● **WHAT THE TASK ASKS**
Establish how many lines in the entries hold the string "Silverado". The number by itself is the whole answer.

[[ DATASET ENTRIES, beginning ]]

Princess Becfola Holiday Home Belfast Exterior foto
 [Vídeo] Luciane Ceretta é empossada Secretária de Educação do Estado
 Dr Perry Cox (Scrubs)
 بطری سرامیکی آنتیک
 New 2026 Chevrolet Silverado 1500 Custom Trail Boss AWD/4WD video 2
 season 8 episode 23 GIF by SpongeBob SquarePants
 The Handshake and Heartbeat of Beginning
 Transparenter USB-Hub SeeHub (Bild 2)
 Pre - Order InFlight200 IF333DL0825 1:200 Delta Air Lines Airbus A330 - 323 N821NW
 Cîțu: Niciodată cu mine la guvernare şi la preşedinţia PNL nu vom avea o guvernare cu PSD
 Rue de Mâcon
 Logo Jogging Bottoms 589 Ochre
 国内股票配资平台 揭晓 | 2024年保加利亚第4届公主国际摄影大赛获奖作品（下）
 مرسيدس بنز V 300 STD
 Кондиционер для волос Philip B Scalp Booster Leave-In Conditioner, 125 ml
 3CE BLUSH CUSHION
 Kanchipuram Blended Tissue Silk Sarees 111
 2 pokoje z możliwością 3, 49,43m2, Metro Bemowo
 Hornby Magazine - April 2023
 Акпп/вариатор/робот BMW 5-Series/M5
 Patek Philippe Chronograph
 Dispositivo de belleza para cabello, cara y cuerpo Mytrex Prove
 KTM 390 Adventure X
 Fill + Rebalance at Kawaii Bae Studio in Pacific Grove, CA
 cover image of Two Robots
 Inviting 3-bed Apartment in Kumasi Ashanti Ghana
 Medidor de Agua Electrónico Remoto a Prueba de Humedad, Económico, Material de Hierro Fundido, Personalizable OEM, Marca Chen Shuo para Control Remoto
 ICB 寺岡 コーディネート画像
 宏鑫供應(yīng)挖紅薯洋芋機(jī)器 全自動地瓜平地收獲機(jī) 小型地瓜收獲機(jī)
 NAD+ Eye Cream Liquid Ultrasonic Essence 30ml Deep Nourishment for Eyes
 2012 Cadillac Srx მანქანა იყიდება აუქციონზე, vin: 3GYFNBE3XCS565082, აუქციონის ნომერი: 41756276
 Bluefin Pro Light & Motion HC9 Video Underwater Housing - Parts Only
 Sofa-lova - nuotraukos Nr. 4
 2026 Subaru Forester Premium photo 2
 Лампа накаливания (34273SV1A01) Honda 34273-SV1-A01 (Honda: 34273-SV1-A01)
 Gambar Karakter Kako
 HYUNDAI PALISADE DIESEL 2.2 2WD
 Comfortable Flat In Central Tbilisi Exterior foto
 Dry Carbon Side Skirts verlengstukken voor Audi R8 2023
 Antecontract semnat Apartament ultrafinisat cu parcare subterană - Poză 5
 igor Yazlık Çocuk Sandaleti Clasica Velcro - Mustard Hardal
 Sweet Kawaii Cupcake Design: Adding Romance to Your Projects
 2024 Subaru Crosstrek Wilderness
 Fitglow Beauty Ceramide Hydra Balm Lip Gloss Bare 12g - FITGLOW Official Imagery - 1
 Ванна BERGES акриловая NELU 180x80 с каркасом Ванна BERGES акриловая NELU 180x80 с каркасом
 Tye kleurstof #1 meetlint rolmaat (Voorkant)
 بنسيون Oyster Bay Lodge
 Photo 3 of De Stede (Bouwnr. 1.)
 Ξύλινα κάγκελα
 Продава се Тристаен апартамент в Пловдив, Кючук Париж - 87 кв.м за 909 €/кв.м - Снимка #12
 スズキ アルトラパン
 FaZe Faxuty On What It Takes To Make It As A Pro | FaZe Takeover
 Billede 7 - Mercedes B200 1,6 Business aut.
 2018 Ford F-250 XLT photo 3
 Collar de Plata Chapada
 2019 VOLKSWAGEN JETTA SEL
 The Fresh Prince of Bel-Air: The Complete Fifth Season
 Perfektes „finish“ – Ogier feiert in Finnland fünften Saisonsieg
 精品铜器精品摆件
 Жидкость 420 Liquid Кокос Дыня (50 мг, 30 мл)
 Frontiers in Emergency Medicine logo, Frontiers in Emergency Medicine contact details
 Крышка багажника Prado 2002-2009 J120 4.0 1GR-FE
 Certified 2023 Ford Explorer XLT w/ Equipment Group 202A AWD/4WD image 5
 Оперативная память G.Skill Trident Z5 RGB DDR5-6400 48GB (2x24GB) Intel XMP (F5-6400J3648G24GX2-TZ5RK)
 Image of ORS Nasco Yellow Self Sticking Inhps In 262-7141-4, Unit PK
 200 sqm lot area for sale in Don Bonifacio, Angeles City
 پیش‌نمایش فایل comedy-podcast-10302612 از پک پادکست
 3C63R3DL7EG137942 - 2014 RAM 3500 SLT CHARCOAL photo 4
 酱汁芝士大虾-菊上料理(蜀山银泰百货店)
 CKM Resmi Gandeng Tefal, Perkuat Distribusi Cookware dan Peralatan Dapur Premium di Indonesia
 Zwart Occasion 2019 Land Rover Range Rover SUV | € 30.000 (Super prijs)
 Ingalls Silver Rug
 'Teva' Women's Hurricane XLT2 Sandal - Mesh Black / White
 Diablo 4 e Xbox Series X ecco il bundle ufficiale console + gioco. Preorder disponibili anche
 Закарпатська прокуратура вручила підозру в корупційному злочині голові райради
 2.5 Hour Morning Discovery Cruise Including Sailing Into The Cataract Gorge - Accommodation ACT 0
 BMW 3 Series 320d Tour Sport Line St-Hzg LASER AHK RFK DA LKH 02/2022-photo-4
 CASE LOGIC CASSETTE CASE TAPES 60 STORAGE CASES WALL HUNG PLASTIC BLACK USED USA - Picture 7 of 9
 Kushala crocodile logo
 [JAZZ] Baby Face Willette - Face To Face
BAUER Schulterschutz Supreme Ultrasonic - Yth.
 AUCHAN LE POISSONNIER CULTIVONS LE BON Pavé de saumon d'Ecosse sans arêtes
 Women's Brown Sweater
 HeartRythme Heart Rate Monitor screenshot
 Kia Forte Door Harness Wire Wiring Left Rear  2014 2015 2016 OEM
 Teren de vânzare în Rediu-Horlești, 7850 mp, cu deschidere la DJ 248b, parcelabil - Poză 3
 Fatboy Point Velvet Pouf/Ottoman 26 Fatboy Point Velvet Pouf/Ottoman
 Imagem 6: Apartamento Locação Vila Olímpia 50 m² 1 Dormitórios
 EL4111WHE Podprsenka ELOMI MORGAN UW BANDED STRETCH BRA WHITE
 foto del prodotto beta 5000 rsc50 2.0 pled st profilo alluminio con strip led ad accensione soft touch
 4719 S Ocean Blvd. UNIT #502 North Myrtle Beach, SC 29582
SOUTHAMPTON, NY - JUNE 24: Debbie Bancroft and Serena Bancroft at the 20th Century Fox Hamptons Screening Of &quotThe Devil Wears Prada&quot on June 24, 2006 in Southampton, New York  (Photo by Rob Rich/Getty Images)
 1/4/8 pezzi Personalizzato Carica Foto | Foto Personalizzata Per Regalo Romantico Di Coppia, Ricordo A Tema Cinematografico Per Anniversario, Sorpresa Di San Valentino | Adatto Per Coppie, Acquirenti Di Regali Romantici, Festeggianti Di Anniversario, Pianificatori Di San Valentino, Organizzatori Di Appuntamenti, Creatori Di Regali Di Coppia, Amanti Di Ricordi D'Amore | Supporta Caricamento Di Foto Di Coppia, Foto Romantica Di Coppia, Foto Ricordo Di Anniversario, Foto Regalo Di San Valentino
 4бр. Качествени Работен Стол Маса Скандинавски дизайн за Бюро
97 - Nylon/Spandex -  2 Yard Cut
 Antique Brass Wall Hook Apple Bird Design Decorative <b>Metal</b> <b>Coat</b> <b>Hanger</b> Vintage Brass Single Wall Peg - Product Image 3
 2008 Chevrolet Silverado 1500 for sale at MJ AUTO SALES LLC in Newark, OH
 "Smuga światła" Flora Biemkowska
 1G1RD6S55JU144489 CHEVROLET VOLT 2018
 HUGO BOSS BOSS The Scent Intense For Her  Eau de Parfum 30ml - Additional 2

[[ DATASET ENTRIES, end ]]

● **ANSWER TO THIS EXERCISE**
2